PROMPT: Nothing but the lines below from the one holding "Anden særlig race" up to and including the one holding "Sphingolipids Example Sphingomyelin" should be copied, exactly and without pictures.

STORED DATA:
BEGIN

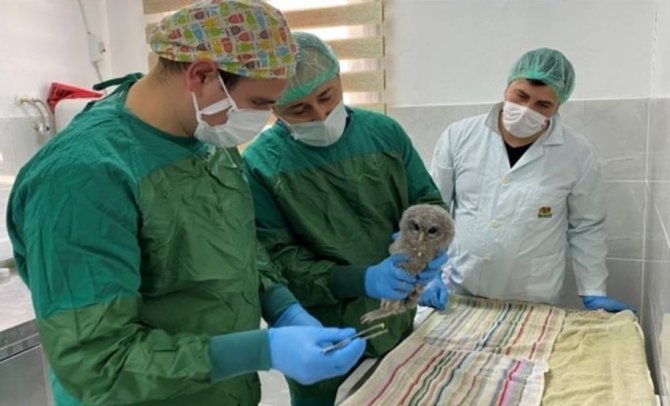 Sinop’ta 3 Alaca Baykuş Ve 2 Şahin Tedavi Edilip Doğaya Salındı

END
BEGIN

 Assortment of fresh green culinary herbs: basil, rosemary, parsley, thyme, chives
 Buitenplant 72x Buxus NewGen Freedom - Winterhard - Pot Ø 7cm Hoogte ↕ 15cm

END
BEGIN

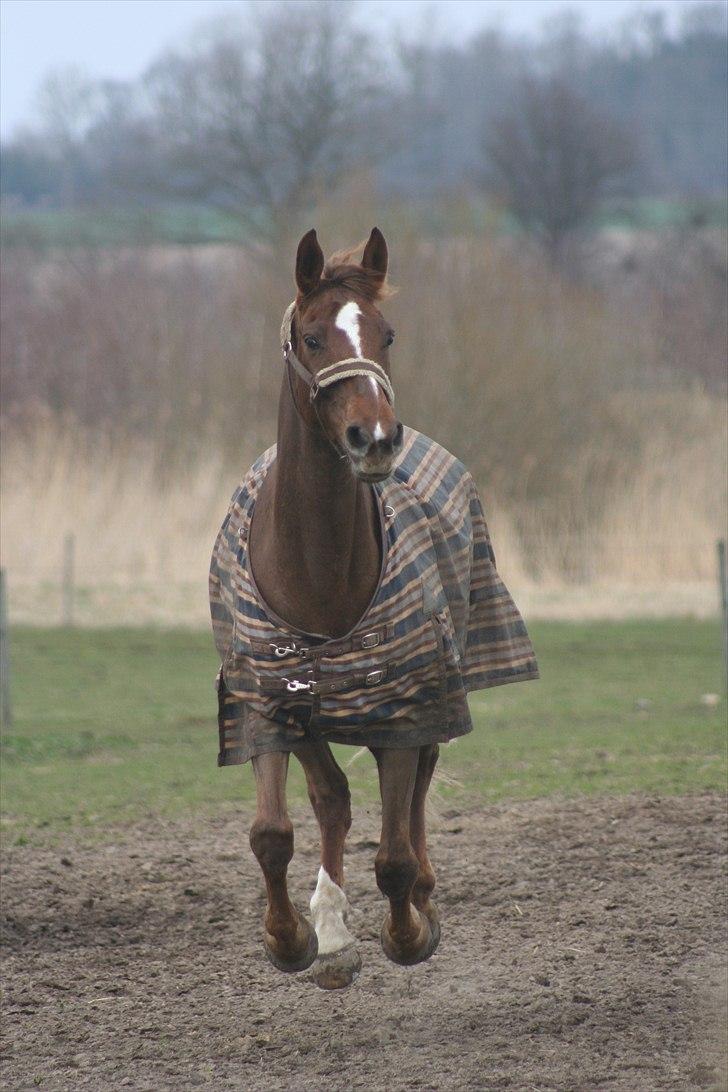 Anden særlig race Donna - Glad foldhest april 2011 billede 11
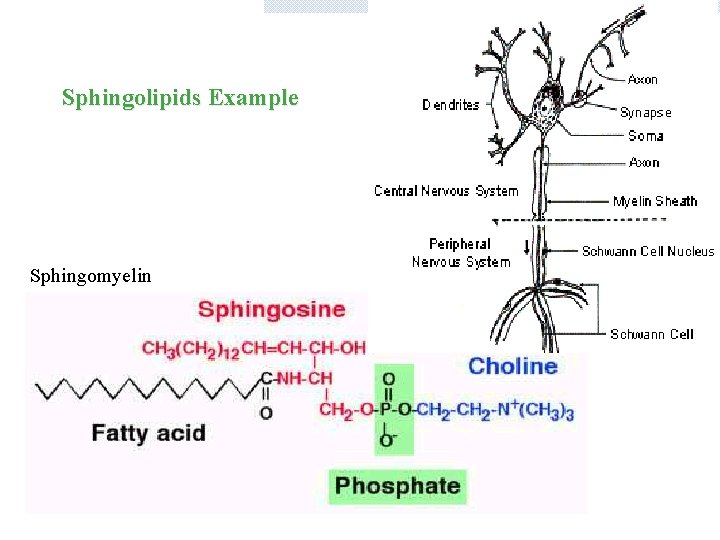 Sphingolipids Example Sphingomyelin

END

ANSWER AREA:
 Anden særlig race Donna - Glad foldhest april 2011 billede 11
 Sphingolipids Example Sphingomyelin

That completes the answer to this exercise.